I ran my first timed race in Central Park last weekend, and I began the race alongside several Ethiopian superstars who finished the race just as I passed the halfway mark. I committed the schoolboy error of going out too hard, my exuberance pushing me to keep the Ethiopians in sight for the first mile. For the remaining four miles, I experienced a powerful mix of ambivalent emotions. On the one hand, I was ecstatic to be surrounded by hundreds of running comrades, and on the other hand my body was punishing me for pushing too hard early in the race.
Emotions arise from deep within our reptilian brains, and we sometimes mistake their primitiveness for simplicity. When someone says they're feeling a certain way, we have a pretty good idea of what that means; we have an intuitive sense of what it means to be happy and sad, hateful and enamored, proud and embarrassed--but what dawned on me during my blissfully painful run was how often we experience two seemingly contradictory emotions simultaneously.
Ambivalent emotional experiences (literally, experiences that prompt emotions of opposing valences) aren't unusual. Staying with sport for the moment, the Australian football team
recently bowed out of the World Cup despite ending their campaign with an inspiring win over Serbia. I shared a strange mix of emotions with the other Australians who watched the game at a small bar in New York City, and it wasn't clear whether we were supposed to celebrate our short-term win or lament our longer-term departure from the tournament. Many films similarly inspire happiness
and sadness simultaneously. Roberto Benigni's Life is Beautiful is one such film, as Benigni's character tries to shield his son from the horrors of the Nazi death camps by turning life into a game. The audience laughs at Benigni's clownish antics one minute, and remembers the terrible gravity of the backdrop the next minute. (The critics felt similarly ambivalent: the Chicago Sun-Times' Roger Ebert lauded the film for finding "the right notes to negotiate its delicate subject matter," whereas Salon.com's Charles Taylor complained about "the sheer callous inappropriateness of comedy existing within the physical reality of the camps.")
Much of the work on ambivalent emotions comes from the lab of Jeff Larsen, a social psychologist at Texas Tech University. Larsen and his colleagues began by questioning whether people could feel happiness and sadness at the same time. Folk wisdom suggests that the two emotional states fall at opposite ends of a single continuum, so you're either happy (and therefore not sad) or you're sad (and therefore not happy). But, as the examples above show, sometimes we do experience happiness and sadness at the same time. The uplifting agony of running, the bittersweet experience of victory couched in the broader context of defeat, and the disconcerting sense that you're enjoying a tragic film all provide anecdotal evidence that happiness and sadness sometimes coexist.
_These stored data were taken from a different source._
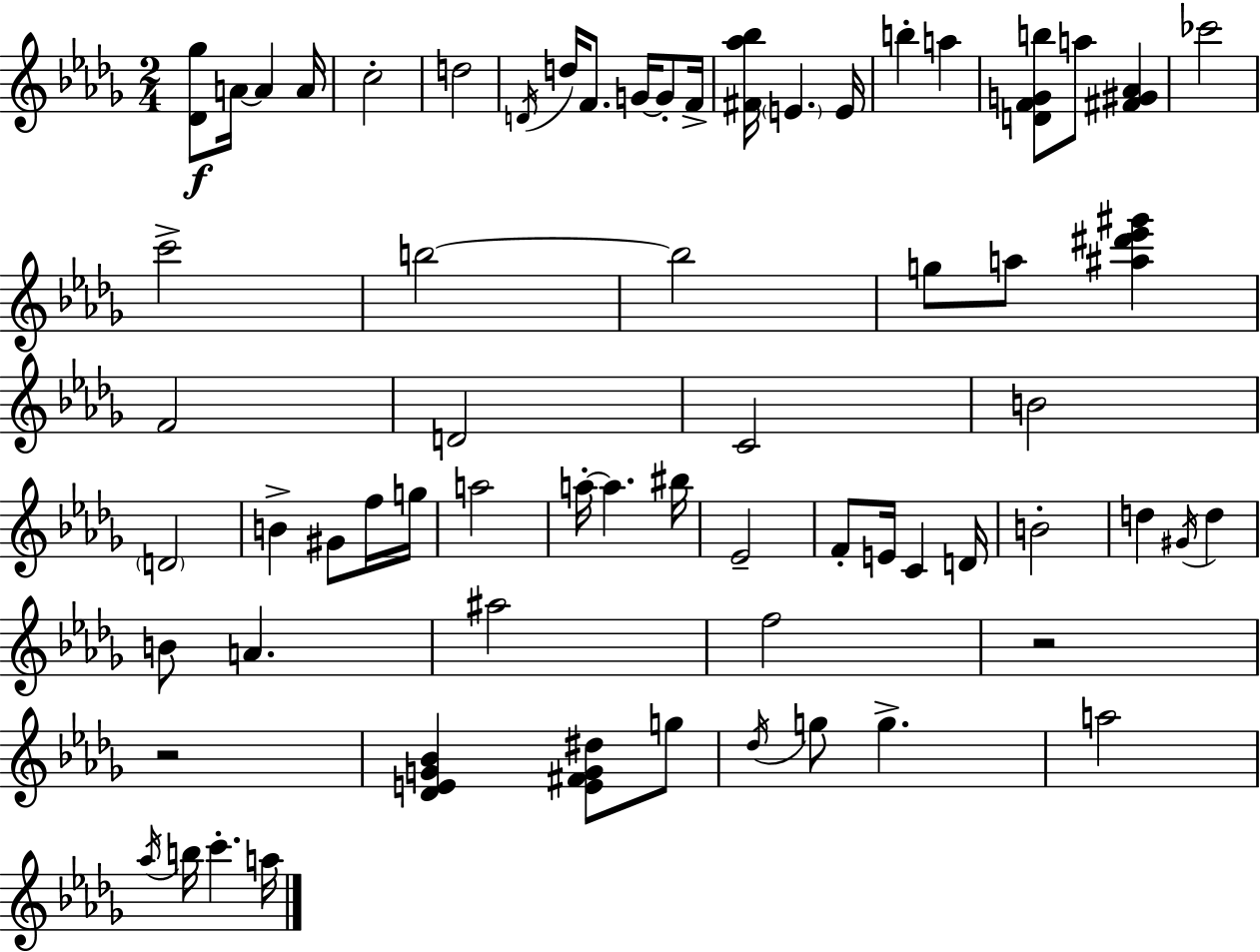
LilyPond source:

{
  \clef treble
  \numericTimeSignature
  \time 2/4
  \key bes \minor
  <des' ges''>8\f a'16~~ a'4 a'16 | c''2-. | d''2 | \acciaccatura { d'16 } d''16 f'8. g'16~~ g'8-. | \break f'16-> <fis' aes'' bes''>16 \parenthesize e'4. | e'16 b''4-. a''4 | <d' f' g' b''>8 a''8 <fis' gis' aes'>4 | ces'''2 | \break c'''2-> | b''2~~ | b''2 | g''8 a''8 <ais'' dis''' ees''' gis'''>4 | \break f'2 | d'2 | c'2 | b'2 | \break \parenthesize d'2 | b'4-> gis'8 f''16 | g''16 a''2 | a''16-.~~ a''4. | \break bis''16 ees'2-- | f'8-. e'16 c'4 | d'16 b'2-. | d''4 \acciaccatura { gis'16 } d''4 | \break b'8 a'4. | ais''2 | f''2 | r2 | \break r2 | <des' e' g' bes'>4 <e' fis' g' dis''>8 | g''8 \acciaccatura { des''16 } g''8 g''4.-> | a''2 | \break \acciaccatura { aes''16 } b''16 c'''4.-. | a''16 \bar "|."
}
Larsen and his colleagues showed similar effects in other contexts: leaving college and moving out of a memory-filled freshman dorm room evoke happiness and sadness, as does winning $5 when you realize that you were a hair's breadth from winning $12.
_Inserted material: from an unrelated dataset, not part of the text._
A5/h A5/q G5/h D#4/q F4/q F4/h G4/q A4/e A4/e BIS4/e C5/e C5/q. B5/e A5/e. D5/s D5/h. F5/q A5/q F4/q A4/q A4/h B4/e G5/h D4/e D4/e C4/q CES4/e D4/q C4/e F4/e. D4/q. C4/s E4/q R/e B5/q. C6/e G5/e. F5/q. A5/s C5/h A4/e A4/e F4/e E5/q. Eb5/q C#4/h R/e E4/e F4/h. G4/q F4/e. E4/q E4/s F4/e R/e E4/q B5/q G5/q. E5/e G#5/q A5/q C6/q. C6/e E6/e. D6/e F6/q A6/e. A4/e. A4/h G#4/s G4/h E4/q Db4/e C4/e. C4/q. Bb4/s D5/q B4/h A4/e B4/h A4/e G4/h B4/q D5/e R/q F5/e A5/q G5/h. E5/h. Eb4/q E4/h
Although humans experience emotional states from the moment they're born, children younger than 11 or 12 years of age struggle to understand that people can experience happiness and sadness simultaneously. In one study, Larsen and his colleagues asked a group of children to watch a scene from Disney's The Little Mermaid. Ariel, the mermaid who occupies the title role, decides to marry a human, and her father, Triton, is forced to accept that he will never see his daughter again. The scene is bittersweet, but children aged 5-6 and even 7-8 tend to spontaneously describe Triton's emotions in univalent terms, ignoring the possibility that he might experience both happiness and sadness. Older children, aged 11-12 years, are significantly more likely to suggest that Triton is experiencing positive and negative emotions at the same time.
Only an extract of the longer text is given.